Thank you very much – Tack så mycket

Yes – Ja

No – Nej

Excuse me – Ursäkta

Do you speak English? – Pratar du engelska?

Where is the toilet? – Var är toaletten?

Cheers! – Skål!


Sweden is part of the European Central Time Zone, which is one hour ahead of GMT, or two during daylight saving hours.


Mains voltage in Sweden is 230 volts, the same as the UK. All plug sockets take round two pin plugs (known as type F plugs), so you will need an adaptor, but all British appliances will work in Sweden.


Swedish -

Swedish is the official language, but Sweden also has five national minority languages – Finnish, Meänkieli, Yiddish, Romani, and the Sami languages.

Most Swedes speak English as a second language, however, so you shouldn’t encounter a huge language barrier.


Tipping is not mandatory in Sweden, and a service charge will already be included in a lot of hotel and restaurant bills.

Aside from this, it is a personal choice, but it is always appreciated and remembered, so you might consider leaving a tip if you’ve experienced particularly good service.

Taxi drivers typically expect a small tip.


Sweden’s climate is milder than you might expect from its northerly location, and this is thanks to the Gulf Stream, a warm Atlantic Ocean current. The country can be divided into three weather regions – the south (Götaland), the centre (Svealand), and the north (Norrland).

In southern Sweden, where you’ll find Gothenburg, winters are shorter and you can expect summer temperatures similar to the south of the UK. It rarely snows on Sweden’s southern coast. Svealand, which includes Stockholm, is slightly colder than its southerly neighbour, and you can expect snow, especially in the northwest.

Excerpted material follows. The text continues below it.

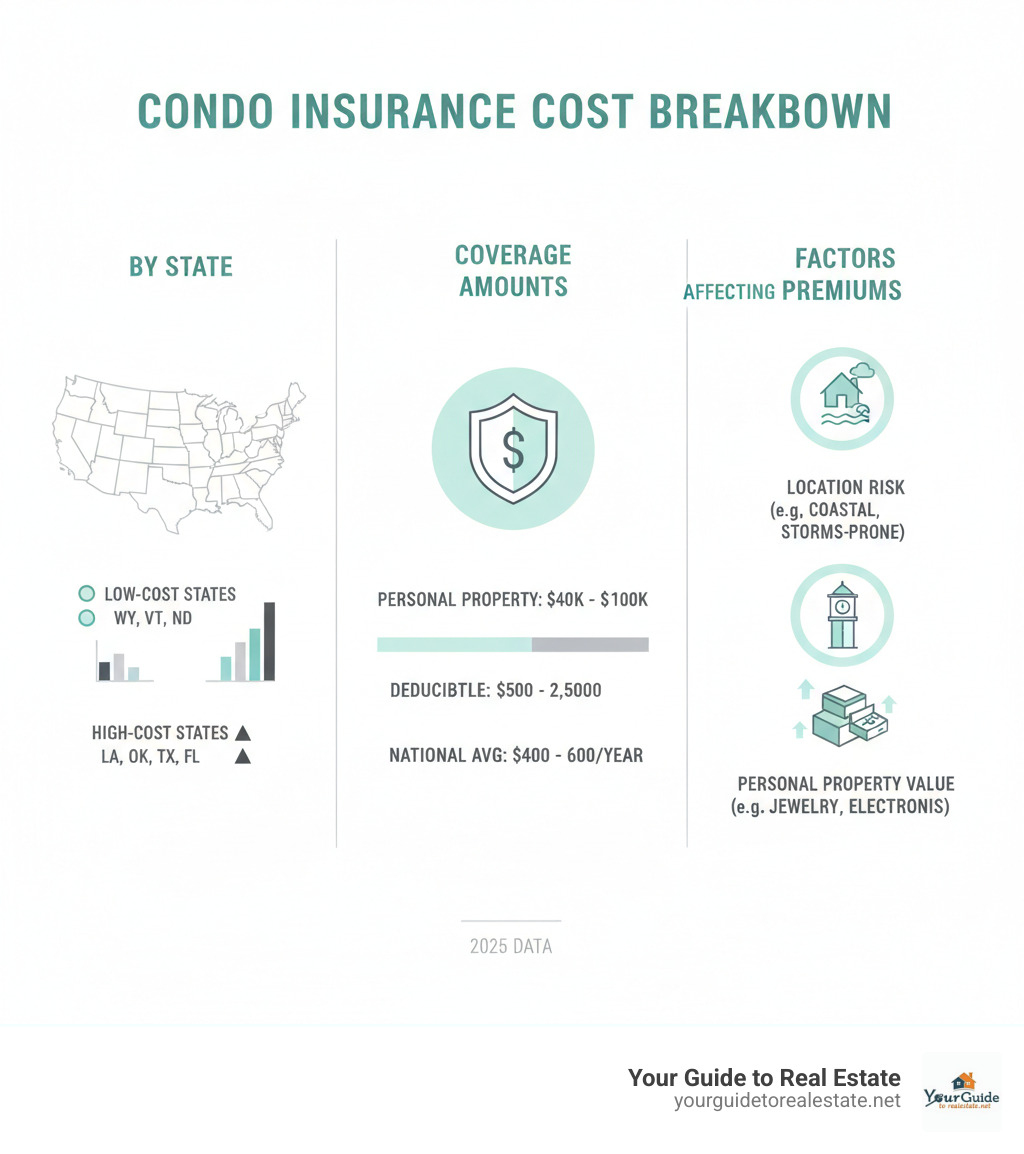 Comprehensive breakdown of condo insurance costs by state, coverage amounts, and factors affecting premiums including location risk, building age, and personal property values - how much is condo insurance infographic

Northern Sweden is where you’ll find the real cold climate – here, snow can lie year round on higher land, although the short summers can also see surprisingly high temperatures. For a month of winter in Norrland’s most northerly point, there is total darkness, and for a month in summer, the sun never sets.


As health information can change at any time, we’d advise you to consult your GP at least 12 weeks before departure.

Country-specific information and advice on possible health risks is also published by the National Travel Health Network and Centre, and The British Foreign and Commonwealth Travel Advice Unit provides important health and safety information for British nationals travelling abroad.

Population and size

Sweden has a population of over 9.8 million, which is small considering its large geographical size.

At 450,000 square kilometres, Sweden is almost double the size of the UK!


Smoking is not permitted in bars, restaurants or on public transport in Sweden. Some Swedes use snus, a snuff product that fits under the upper lip, as an alternative to smoking.